Nutrient Procurement By Coelenterates
With the evolution of multicellularity came a corresponding evolution of cellular specialization, resulting in a division of labor among cells. The coelenterates provide a comparatively simple example of this phenomenon and they can be easily examined using teaching microscopes. When viewed under a microscope such as teaching microscopes, these radially symmetrical animals have a saclike body composed of two principal layers of cells, with a jellylike layer, called mesolamella (”middle layer”), between them. Within the central cavity of this saclike body, extracellular digestion takes place. This cavity has only one opening to the outside, which is surrounded by mobile tentacles. A digestive cavity of this sort, with a single open¬ing that function as both mouth and anus, is called a gastrovascular cavity.
Coelenterates are strictly carnivorous. Embedded in their tentacles are numerous stinging structures called nematocysts. Each nemato¬cyst consists of a slender thread coiled within a capsule, with a tiny hairlike trigger penetrating to the outside, as seen under teaching microscopes. When appropriate prey comes in contact with the trigger, the nematocyst fires, the thread turns inside out, spines on its surface unfold, and it either penetrates the body of the prey or entangles it in sticky loops. The nematocysts also eject poisons, which have a paralyzing action on the prey. The tentacle then grasps the prey, and if it continues to struggle, neighboring tentacles may also become involved. The tentacles draw the prey toward the mouth, which opens wide to receive it.

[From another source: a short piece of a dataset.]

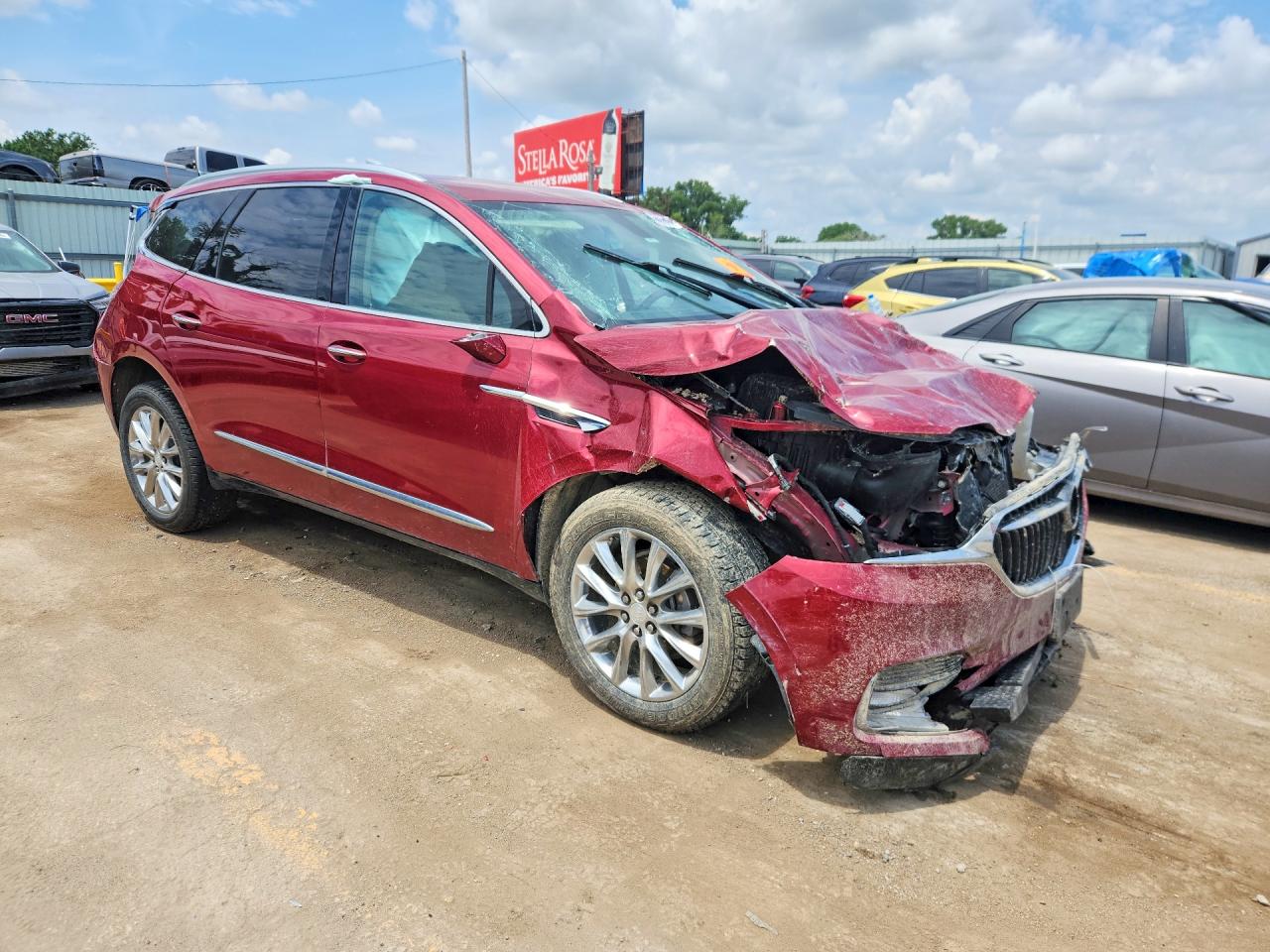 2020 BUICK ENCLAVE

Once the food is inside the gastrovascular cavity, digestive enzymes are secreted into the cavity, and extracellular digestion begins. When examined using teaching microscopes, this extracellular digestion, largely limited to proteins in coelenterates, does not break down these substances completely to their constituent amino acids. As soon as the food has been reduced to small fragments, cells lining the gastrovascular cavity engulf them by phagocytosis, and digestion is completed intracellularly in food vacuoles, as seen under a microscope. Indigestible remains of the food are expelled from the gastrovascular cavity via the mouth.
If phagocytosis and intracellular digestion are going to take place anyway, we can ask what adaptive advantage the evolution of the additional process of extracellular digestion might have. Why should not coelenterates rely exclusively on intracellular digestion, as Pro¬tozoa do? The answer is obvious. Intracellular digestion severely limits the size of the food the organism can handle. Extracellular digestion enables it to utilize much larger pieces of food; even whole multicellular animals become possible prey. Extracellular digestion is the rule rather than the exception in multicellular animals, as evident when they are examined under a microscope.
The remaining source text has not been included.